United States District Court, E.D. California

July 15, 2016

WARREN FRANK, JR., Plaintiff,
v.
JEFF MACOMBER, et al., Defendants.

          ORDER AND FINDINGS AND RECOMMENDATIONS

          CAROLYN K. DELANEY UNITED STATES MAGISTRATE JUDGE

         Plaintiff is a California prisoner proceeding pro se with an action for violation of civil rights under 42 U.S.C. § 1983. The claims which remain are for excessive force in violation of the Eighth Amendment against defendants Shinnette and Mohr (defendants). The claims arise out of events occurring March 17, 2015 at California State Prison, Sacramento. Defendants have filed a motion to dismiss under Rule 12(b)(6) of the Federal Rules of Civil Procedure arguing plaintiff failed to exhaust administrative remedies with respect to his remaining claims prior to filing suit.

         Section 1997(e)(a) of Title 42 of the United States Code provides that “[n]o action shall be brought with respect to prison conditions under section 1983 of this title, . . . until such administrative remedies as are available are exhausted.” 42 U.S.C. § 1997(e)(a). Administrative procedures generally are exhausted with respect to the California prisoner grievance process once the third level of review is complete. The third level of review constitutes the decision of the Secretary of the California Department of Corrections and Rehabilitation (CDCR). Cal. Code Regs. tit. 15, § 3084.7.

         The exhaustion requirement demands “proper” exhaustion. Woodford v. Ngo, 548 U.S. 81, 90-91 (20016). In order to “properly exhaust” administrative remedies the prisoner must generally comply with the prison’s procedural rules throughout the administrative process. Jones v. Bock, 218 U.S. 199, 218 (2006).

         Dismissal of a complaint under Federal Rule of Civil Procedure 12(b)(6) for failure to exhaust administrative remedies is appropriate only if it is clear on the face of a complaint that administrative remedies have not been exhausted. Albino v. Baca, 747 F.3d 1162, 1166 (9th Cir. 2014).

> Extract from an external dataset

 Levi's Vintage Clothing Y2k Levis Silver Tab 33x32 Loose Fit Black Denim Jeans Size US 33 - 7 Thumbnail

Material properly attached to a complaint is generally considered part of the complaint when considering whether the court should dismiss a complaint under Rule 12(b)(6). See Hal Roach Studios, Inc. v. Richard Feiner and Co., Inc., 896 F.2d 1542, 1555 n. 19 (9th Cir. 1989).[1]

         Attached to his complaint is a copy of the grievance plaintiff submitted concerning the alleged use of excessive force by defendants at issue in this case. ECF No. 1 at 33-36. Plaintiff ultimately submitted his grievance to the third level of review, but the grievance was rejected on August 26, 2015 because plaintiff failed to submit a medical report he references in his grievance as required by CDCR regulations. Id. at 8, 34. Plaintiff was given instructions as to how he could obtain the required document if he did not possess it and told he could resubmit his grievance once he did so. Id. at 8. There is nothing in plaintiff’s pleadings indicating he ever resubmitted his grievance to the third level and therefore he never “properly” exhausted administrative remedies.

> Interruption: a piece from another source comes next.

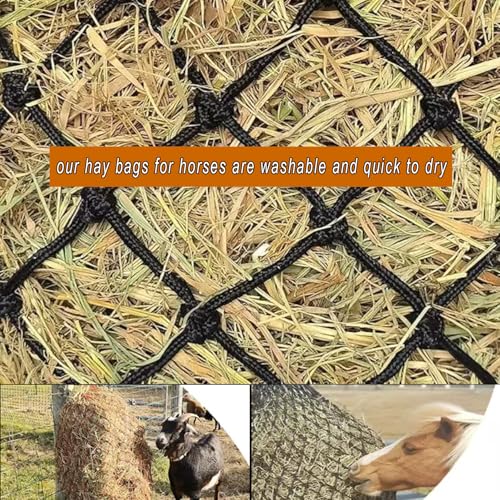 2 PCS Slow Feed Hay Nets for Horses, 40" Large Hay Feeder Bag with 2.6" Holes for Horse, Goat, Sheep - Hanging Hay Net for Grazing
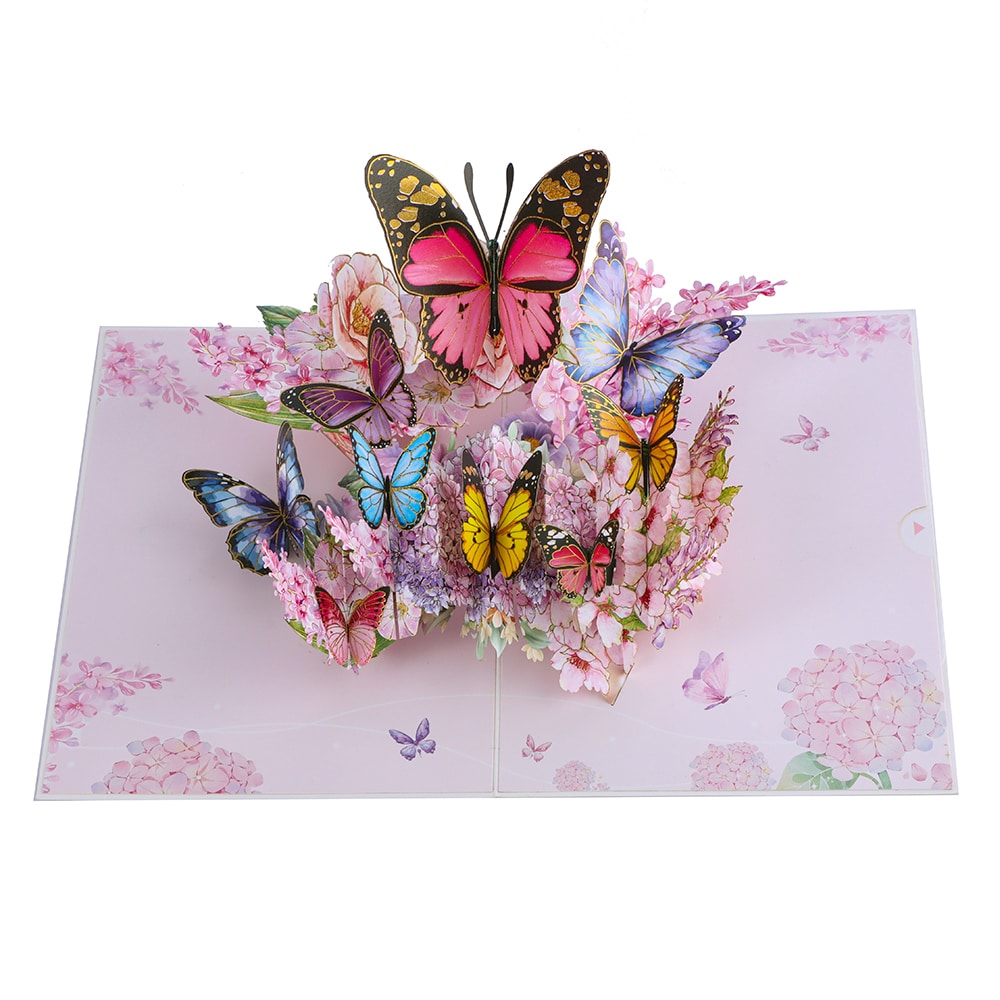 Pink Butterfly 3D Pop Up Greeting Card - Birthday Mother Anniversary ...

         In his opposition, plaintiff argues he was not required to proceed to the third level because his grievance was “partially granted” at the second level. However, the appeal was granted only to the extent plaintiff requested an inquiry into the actions of defendants. The appeal was denied with respect to plaintiff’s request that “they be held accountable for their actions.” Id. at 9. Plaintiff was specifically informed at the second level that it was the decision of the reviewer that defendants did not violate CDCR policy, and that plaintiff could appeal that decision to the third level. Id. at 9-10. Plaintiff was also specifically informed that administrative remedies would not be deemed “exhausted” until a decision had been rendered at the third level. Id.

         For all of the foregoing reasons, it is clear from plaintiff’s complaint, and documents attached thereto, that plaintiff failed to exhaust administrative remedies with respect to his remaining claims prior to filing suit. Accordingly, defendants’ motion to dismiss should be granted, and this case should be closed.

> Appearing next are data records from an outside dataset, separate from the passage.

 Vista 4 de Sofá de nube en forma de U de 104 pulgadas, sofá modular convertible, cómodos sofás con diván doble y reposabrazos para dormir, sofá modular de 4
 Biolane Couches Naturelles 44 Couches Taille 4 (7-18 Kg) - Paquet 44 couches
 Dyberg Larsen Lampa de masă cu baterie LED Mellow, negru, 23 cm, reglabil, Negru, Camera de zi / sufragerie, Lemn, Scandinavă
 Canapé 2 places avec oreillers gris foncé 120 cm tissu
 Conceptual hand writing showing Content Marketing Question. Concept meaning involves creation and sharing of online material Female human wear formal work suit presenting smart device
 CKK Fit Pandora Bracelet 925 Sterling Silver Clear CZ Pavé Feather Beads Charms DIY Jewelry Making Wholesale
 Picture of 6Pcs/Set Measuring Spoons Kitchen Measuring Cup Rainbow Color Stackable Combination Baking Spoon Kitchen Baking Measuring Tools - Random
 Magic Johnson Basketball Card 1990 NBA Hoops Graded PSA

         In accordance with the above, IT IS HEREBY ORDERED that the Clerk of the Court assign a district court judge to this case.

         IT IS HEREBY RECOMMENDED that

         1. Defendants’ motion to dismiss (ECF No. 15) be granted;

         2. Plaintiff’s complaint be dismissed for failure to exhaust available administrative remedies; and

         3. This case be closed.

         These findings and recommendations are submitted to the United States District Judge assigned to the case, pursuant to the provisions of 28 U.S.C. § 636(b)(l). Within fourteen days after being served with these findings and recommendations, any party may file written objections with the court and serve a copy on all parties. Such a document should be captioned “Objections to Magistrate Judge’s Findings and Recommendations.” Any response to the objections shall be served and filed within fourteen days after service of the objections. The parties are advised that ...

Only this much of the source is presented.